Assignment: Write out each line of the records that has "Mercedes" in it.
......
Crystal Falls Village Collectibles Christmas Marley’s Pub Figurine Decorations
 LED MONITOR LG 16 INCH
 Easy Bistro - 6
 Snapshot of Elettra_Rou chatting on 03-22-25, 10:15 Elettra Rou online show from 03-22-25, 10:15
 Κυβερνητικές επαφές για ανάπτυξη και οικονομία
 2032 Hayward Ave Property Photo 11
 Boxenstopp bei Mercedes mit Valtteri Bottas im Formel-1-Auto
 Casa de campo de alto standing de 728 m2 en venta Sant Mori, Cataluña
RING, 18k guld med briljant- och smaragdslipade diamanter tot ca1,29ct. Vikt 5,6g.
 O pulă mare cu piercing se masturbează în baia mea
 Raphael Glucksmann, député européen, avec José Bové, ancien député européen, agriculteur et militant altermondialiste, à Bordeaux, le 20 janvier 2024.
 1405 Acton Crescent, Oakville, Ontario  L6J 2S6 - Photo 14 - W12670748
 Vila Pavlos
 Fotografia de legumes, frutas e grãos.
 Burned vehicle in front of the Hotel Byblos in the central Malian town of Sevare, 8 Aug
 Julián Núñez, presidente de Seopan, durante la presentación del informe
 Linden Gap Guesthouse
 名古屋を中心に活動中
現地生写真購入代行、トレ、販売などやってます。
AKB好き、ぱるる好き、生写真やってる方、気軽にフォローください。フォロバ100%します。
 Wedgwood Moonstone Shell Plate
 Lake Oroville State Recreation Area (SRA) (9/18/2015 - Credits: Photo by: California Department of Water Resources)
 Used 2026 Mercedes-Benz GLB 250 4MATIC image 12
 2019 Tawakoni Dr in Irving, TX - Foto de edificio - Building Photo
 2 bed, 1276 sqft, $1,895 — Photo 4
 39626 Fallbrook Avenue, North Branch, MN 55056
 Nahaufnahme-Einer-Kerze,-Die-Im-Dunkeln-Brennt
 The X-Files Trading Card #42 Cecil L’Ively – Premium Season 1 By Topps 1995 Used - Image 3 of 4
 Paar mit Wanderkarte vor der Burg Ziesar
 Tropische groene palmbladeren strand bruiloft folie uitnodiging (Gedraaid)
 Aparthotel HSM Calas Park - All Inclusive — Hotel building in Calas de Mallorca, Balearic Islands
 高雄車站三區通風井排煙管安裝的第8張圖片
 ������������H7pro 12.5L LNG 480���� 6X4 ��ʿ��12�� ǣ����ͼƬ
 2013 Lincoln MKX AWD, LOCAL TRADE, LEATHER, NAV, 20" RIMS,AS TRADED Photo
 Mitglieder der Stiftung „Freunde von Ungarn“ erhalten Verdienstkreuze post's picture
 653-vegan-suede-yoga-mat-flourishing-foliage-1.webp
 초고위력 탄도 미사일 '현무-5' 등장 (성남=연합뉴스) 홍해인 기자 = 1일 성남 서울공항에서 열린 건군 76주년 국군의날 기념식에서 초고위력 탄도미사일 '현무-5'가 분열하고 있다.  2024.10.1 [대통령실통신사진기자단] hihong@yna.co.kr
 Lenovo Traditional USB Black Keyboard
......
Written answer:
 Boxenstopp bei Mercedes mit Valtteri Bottas im Formel-1-Auto
 Used 2026 Mercedes-Benz GLB 250 4MATIC image 12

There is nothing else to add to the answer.